La vida de la mexicana Frida, símbolo de su país y conocida mundialmente por su especial estilo pictórico -aunque hasta hace un par de días servidor no sabía nada de ella- fue lo suficiente intensa como para hacer una película en que narrar su evolución como artista repleta de emociones.
Entre estas, el dolor, compañero cuya fidelidad ya hubiera querido imitase su marido -especialista en elaborar grandes cornamentas, además de ser también pintor- la acompaña invariablemente tras un accidente de tráfico. Marcada por ese inagotable sufrimiento, el contraste con un carácter optimista y sufrido se reflejaba en una obra de contradicciones en que trazos alegres ofrecían escenas de explícita dureza, retazos autobiográficos alimentados por demasiadas horas de cama en que depurar estilo.

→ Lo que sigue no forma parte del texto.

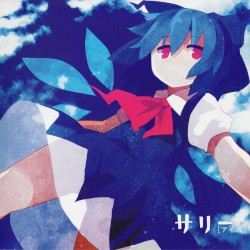 アイス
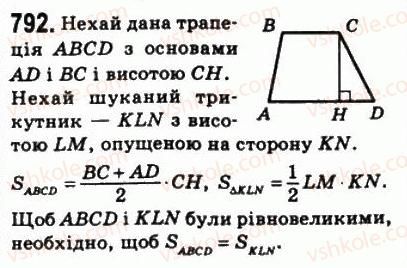 8-geometriya-ag-merzlyak-vb-polonskij-ms-yakir-2008--4-mnogokutniki-ploscha-mnogokutnika-23-ploscha-trapetsiyi-792.jpg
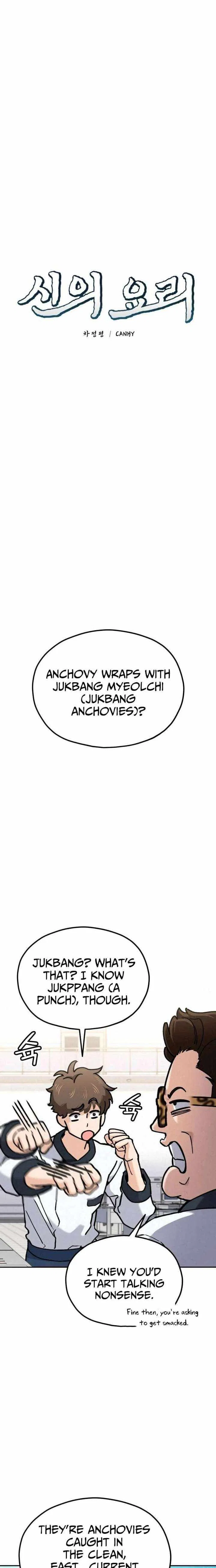 God’s Cooking Chapter 35 – Page 9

Técnicamente correcta, la curiosa alternancia de planos que se funden con sus cuadros o muestran visiones surrealistas, salpican una cinta que transmite tan bien su alegría natural como su desdicha, y la ubican en sus pasiones a ritmo de banda sonora de tonos necesariamente mejicanos.
Además el reparto en secundarios -con algunos de los mejores actores del momento: Edward Norton y Geoffrey Rush- eleva varios puntos su categoría, sirviendo en su utilización para mostrar lo rica que fue su vida por entre sus constantes achaques.
Sin necesidad de participar en exceso en las bondades de su arte, la producción, llamada a obtener algún que otro reconocimiento en la gala de los Oscar, es una buena apuesta por una película que no se deja caer en el drama, y que sabe contar la vida de Frida en el tono con el que se describe su personalidad.